AIM OF THE TASK
Transcribe the listing verbatim. Do not carry over any pictures.

AVAILABLE DATA
-=-=-=-=-

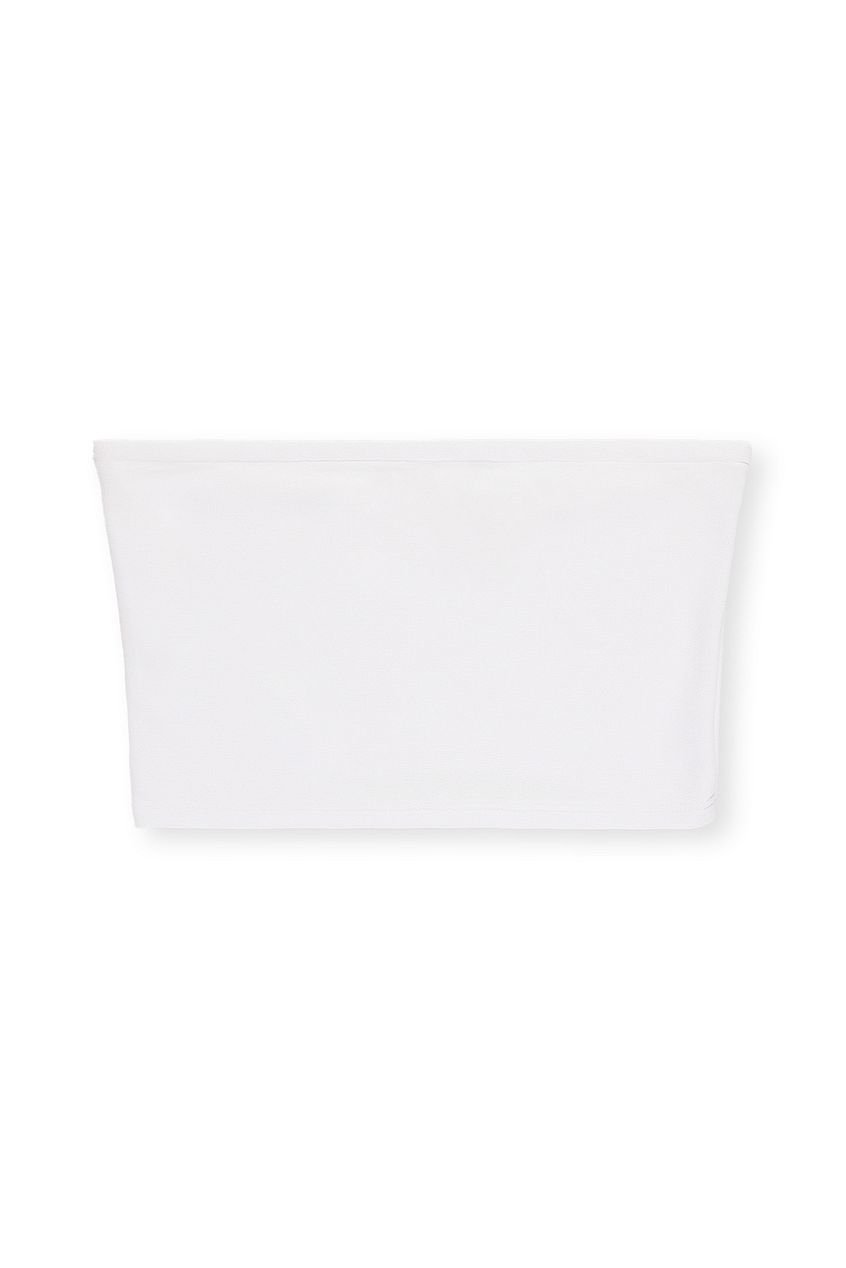 Na-kd Cropped Tube Top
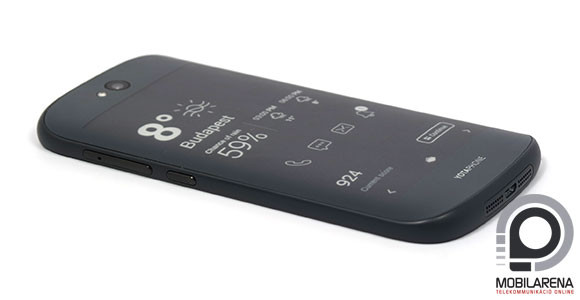 YotaPhone 2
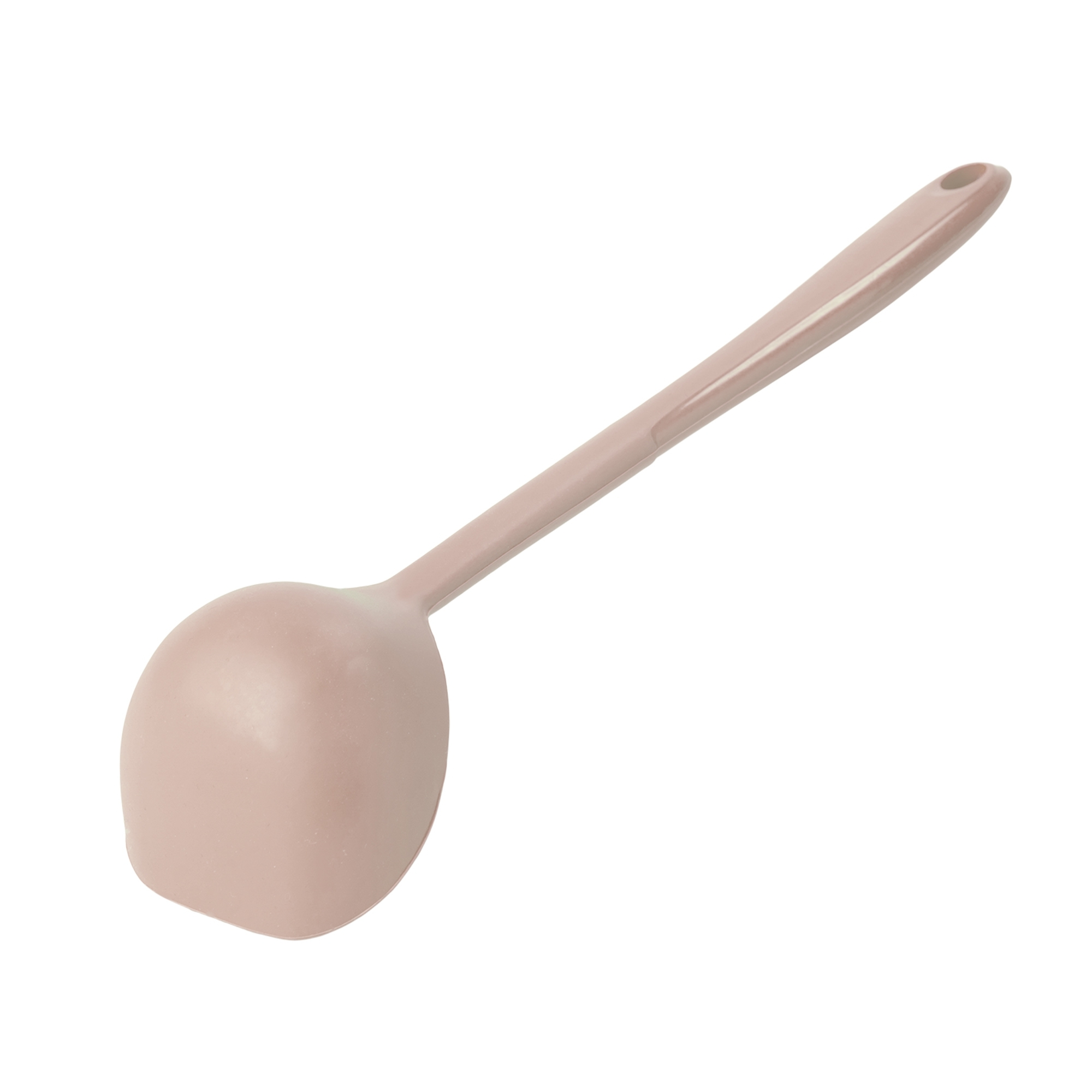 Kochblume - Ladle L - 30 cm, dusky pink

-=-=-=-=-

WORKED SOLUTION
 Na-kd Cropped Tube Top
 YotaPhone 2
 Kochblume - Ladle L - 30 cm, dusky pink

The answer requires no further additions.